Je n’étais pas une grande fana de Jérôme Bosch (± 1450 – 1516). Tous ces tableaux grouillant de petits êtres bizarres, de diablotins, de gnomes, d’anges déchus et de monstres, ça ne me disait pas grand-chose. Le surréalisme, bof. Le surréalisme teinté de religion, booof.

Qu’est-ce qui m’a fait changer d’avis ? L’exposition « Jérôme Bosch, visions de génie » à Bois-le-Duc (‘s Hertogenbosch ou Den Bosch en néerlandais), ville dont il était originaire et où il a vécu toute sa vie.
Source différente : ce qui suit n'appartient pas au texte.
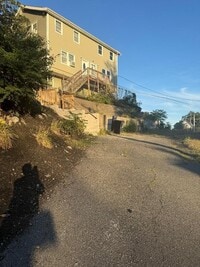 Building Photo - 9-11-11 Hesper St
Une présentation exemplaire

Le Chariot de Foin (volets fermés), Museo Nacional del Prado, Photo Rik Klein Gotink, travail sur image Robert G. Erdmann pour le Bosch Research and Conservation project.
Le Chariot de Foin (volets fermés), Museo Nacional del Prado, Photo Rik Klein Gotink, travail sur image Robert G. Erdmann pour le Bosch Research and Conservation project.
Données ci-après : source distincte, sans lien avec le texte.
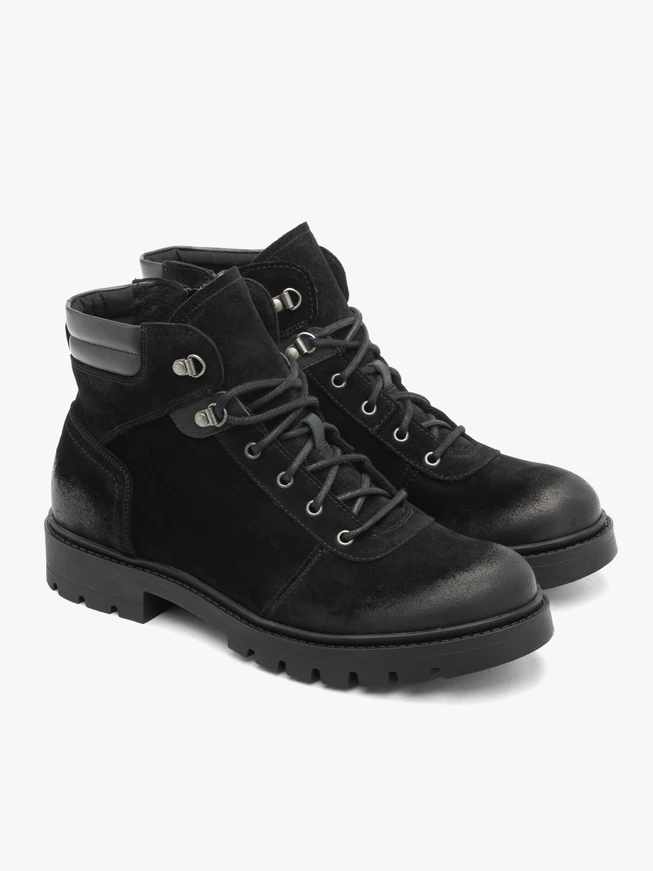 Schwarze isolierte Stiefel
Ce qui m’a impressionnée, ce n’est non seulement le fait que cette exposition, pour la première fois, réunit la majorité des œuvres du maître originaire de Bois-le-Duc (une vingtaine de peintures sur les 24 connues et authentifiées, plus un grand nombre de dessins). Mais c’est aussi qu’un travail approfondi de recherche a permis d’examiner systématiquement toutes les œuvres attribuées à Bosch lui-même, à son atelier, ou à des disciples, et de les authentifier sur des bases scientifiques – ou bien de leur retirer le statut de « Bosch authentique » (j’y reviendrai). Et le fait qu’une douzaine de tableaux ont pu être restaurés et ont donc retrouvé leur éclat d’origine, également grâce aux nouvelles techniques de scan permettant de voir les différentes couches superposées, de même que d’éventuels traits de crayon. Mais c’est surtout, surtout, la façon dont les œuvres sont exposées à Bois-le-Duc et qui permet de les voir comme rarement cela a été possible.

Le dernier jugement. Groeningemuseum, Bruges.
Le dernier jugement. Groeningemuseum, Bruges.

Les panneaux sont encastrés dans des vitrines – et pour une fois, cela n’enlève rien au plaisir de les regarder, bien au contraire. Le verre, tellement clair qu’on l’aperçoit à peine, ne brille pas et ne reflète donc pas la lumière, laquelle d’ailleurs ne vient que de l’intérieur et est dirigée exclusivement sur le tableau. Cette disposition permet de s’en rapprocher à souhait, de regarder une peinture depuis une distance de vingt centimètres – nombre de visiteurs permettant…. Les diptyques et triptyques sont exposées de telle manière que l’on peut voir à la fois l’envers et le revers. Les volets sont ouverts, on voit donc l’intérieur, mais puisqu’on peut faire le tour, on a le loisir de voir aussi à quoi ressemblerait cette œuvre si les volets étaient fermés. Simple, mais il fallait y penser. Et efficace: tous les spectateurs font le tour des oeuvres, plutôt deux fois qu’une.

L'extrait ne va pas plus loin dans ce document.